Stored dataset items
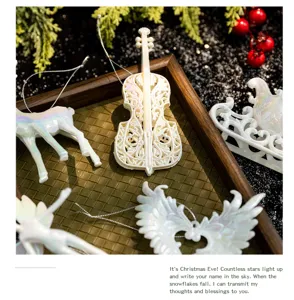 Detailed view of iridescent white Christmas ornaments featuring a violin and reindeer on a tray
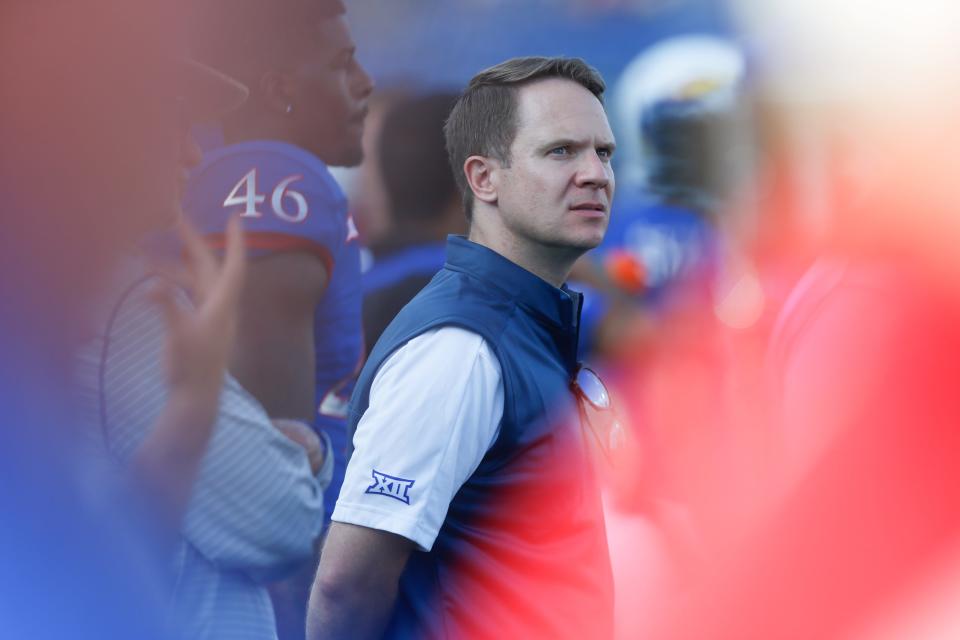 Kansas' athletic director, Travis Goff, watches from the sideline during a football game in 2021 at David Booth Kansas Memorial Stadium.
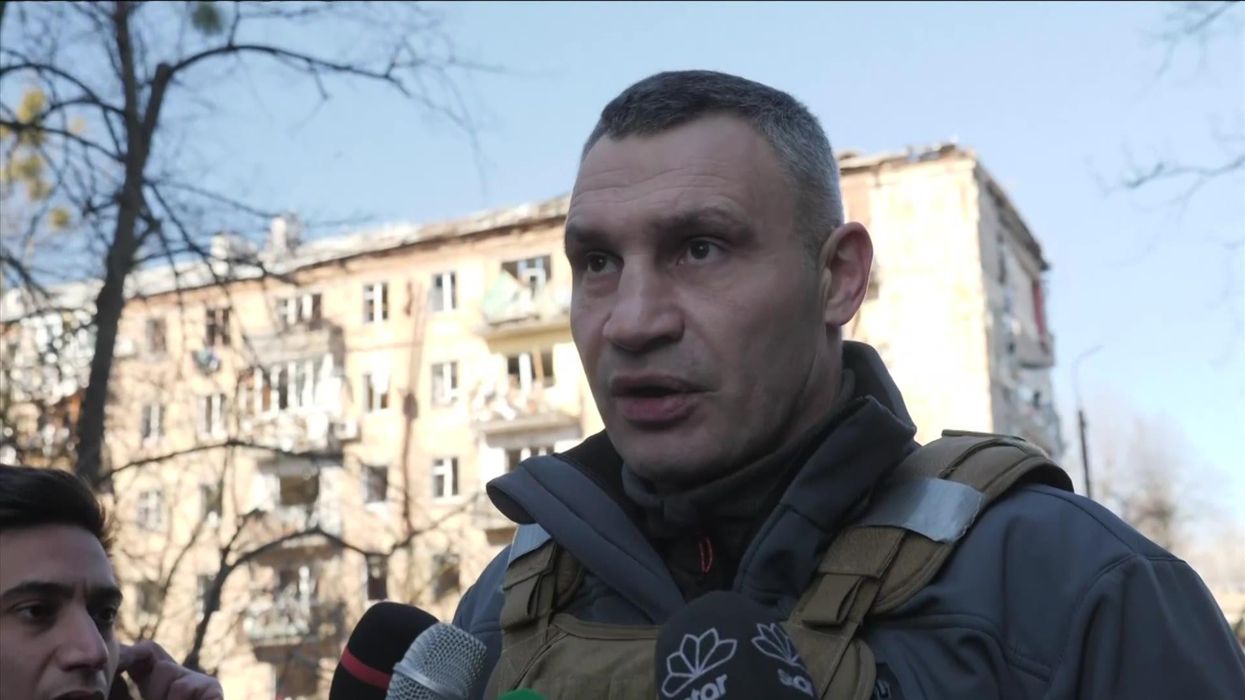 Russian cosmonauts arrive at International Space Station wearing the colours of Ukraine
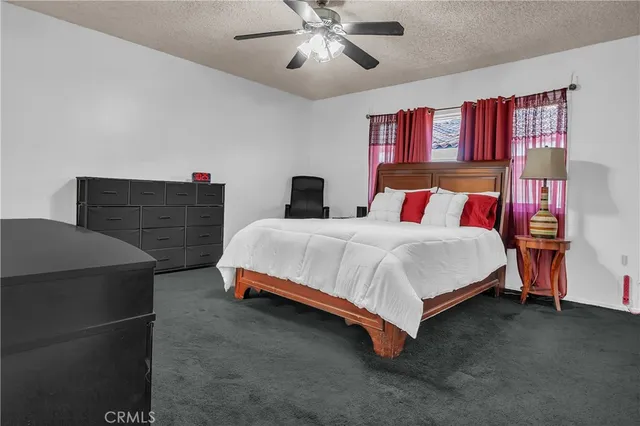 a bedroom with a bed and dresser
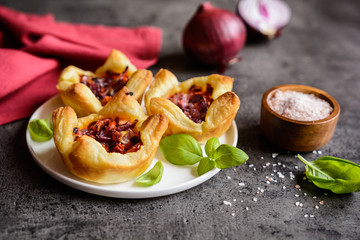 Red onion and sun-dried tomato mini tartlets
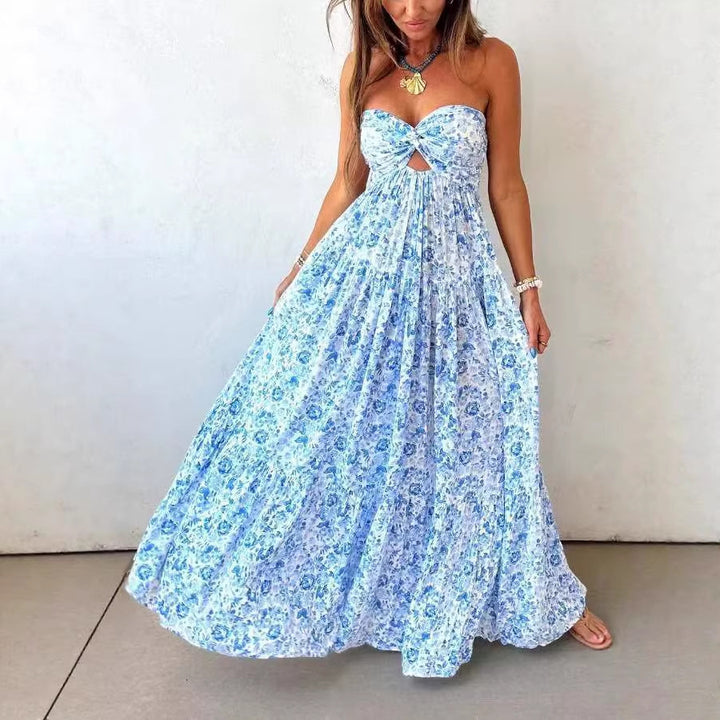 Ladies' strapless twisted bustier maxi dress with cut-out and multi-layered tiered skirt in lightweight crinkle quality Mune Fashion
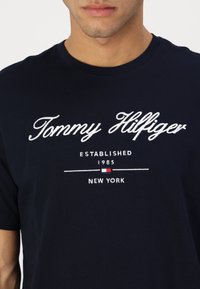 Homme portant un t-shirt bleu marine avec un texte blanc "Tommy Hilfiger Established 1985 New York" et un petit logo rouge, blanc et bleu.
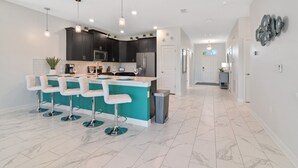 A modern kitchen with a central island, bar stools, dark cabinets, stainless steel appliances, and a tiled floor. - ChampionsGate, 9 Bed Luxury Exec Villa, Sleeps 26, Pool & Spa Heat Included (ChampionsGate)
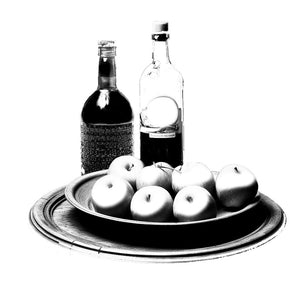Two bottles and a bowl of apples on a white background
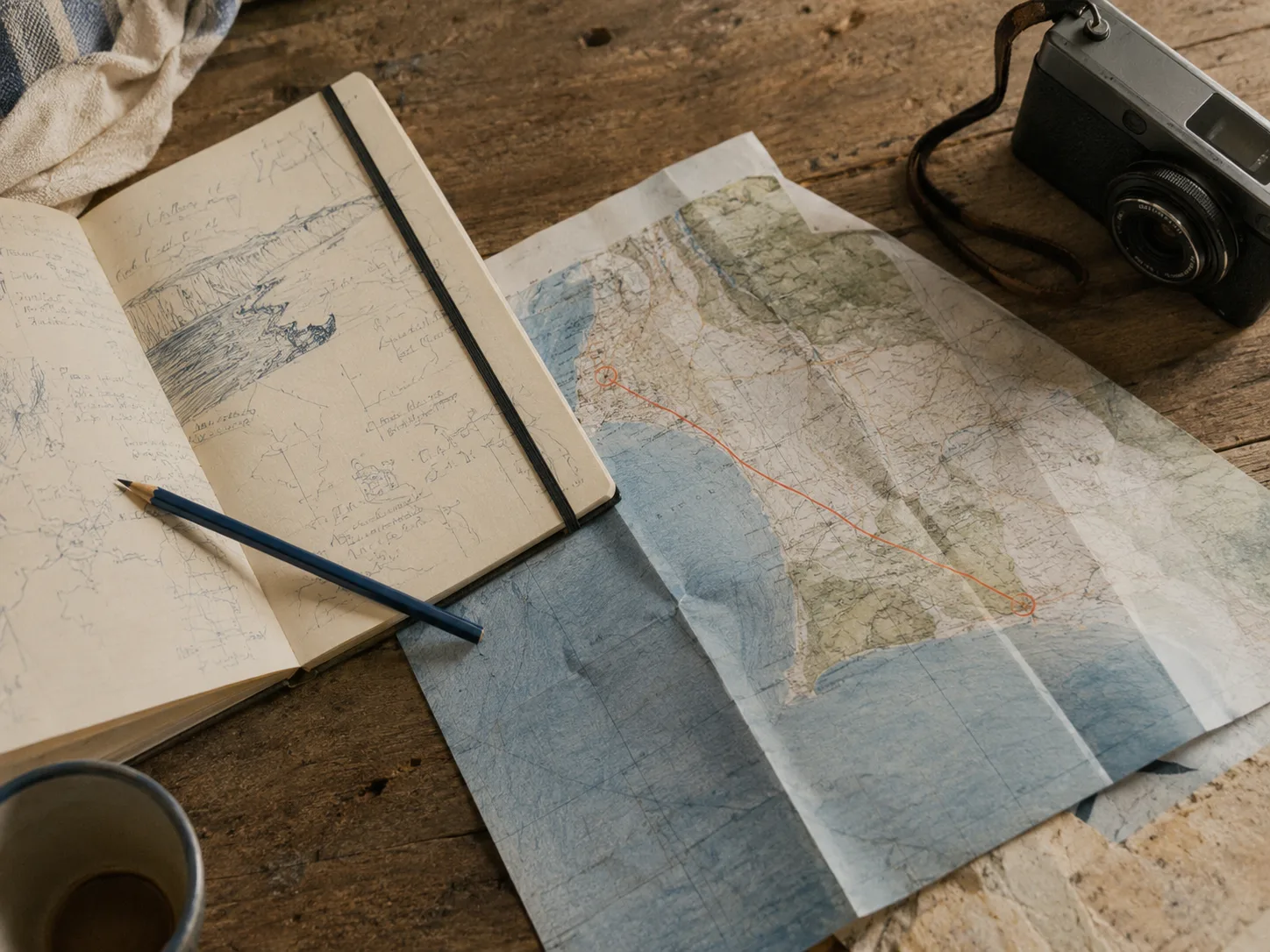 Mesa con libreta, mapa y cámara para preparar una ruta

**Problem requirements:** The lines from the one containing "Homme portant un" through the last line of the data above are to be transcribed exactly, both included, with all pictures left out.

**Completed task:**
 Homme portant un t-shirt bleu marine avec un texte blanc "Tommy Hilfiger Established 1985 New York" et un petit logo rouge, blanc et bleu.
 A modern kitchen with a central island, bar stools, dark cabinets, stainless steel appliances, and a tiled floor. - ChampionsGate, 9 Bed Luxury Exec Villa, Sleeps 26, Pool & Spa Heat Included (ChampionsGate)
Two bottles and a bowl of apples on a white background
 Mesa con libreta, mapa y cámara para preparar una ruta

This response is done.